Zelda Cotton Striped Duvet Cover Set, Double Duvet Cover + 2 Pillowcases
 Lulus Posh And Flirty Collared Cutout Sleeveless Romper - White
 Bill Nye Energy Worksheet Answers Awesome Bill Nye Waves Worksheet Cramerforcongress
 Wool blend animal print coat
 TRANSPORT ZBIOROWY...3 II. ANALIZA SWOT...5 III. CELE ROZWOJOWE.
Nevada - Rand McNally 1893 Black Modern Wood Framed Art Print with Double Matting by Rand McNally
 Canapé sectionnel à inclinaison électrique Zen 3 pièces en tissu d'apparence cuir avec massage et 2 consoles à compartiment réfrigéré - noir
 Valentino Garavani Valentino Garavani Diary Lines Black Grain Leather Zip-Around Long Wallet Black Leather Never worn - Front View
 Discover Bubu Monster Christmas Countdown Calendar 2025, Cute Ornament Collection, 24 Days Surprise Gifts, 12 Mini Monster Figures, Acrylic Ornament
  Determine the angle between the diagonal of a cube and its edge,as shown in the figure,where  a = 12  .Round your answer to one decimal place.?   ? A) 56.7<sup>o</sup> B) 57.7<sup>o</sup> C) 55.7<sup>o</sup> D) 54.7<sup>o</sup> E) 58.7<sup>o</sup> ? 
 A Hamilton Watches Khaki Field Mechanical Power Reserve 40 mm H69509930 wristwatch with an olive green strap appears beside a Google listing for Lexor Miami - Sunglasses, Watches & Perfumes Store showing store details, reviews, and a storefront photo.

▬▬▬▬▬▬

[Problem] In the listing above, locate each line with "Double" and copy it.

[Result for this task]
Zelda Cotton Striped Duvet Cover Set, Double Duvet Cover + 2 Pillowcases
Nevada - Rand McNally 1893 Black Modern Wood Framed Art Print with Double Matting by Rand McNally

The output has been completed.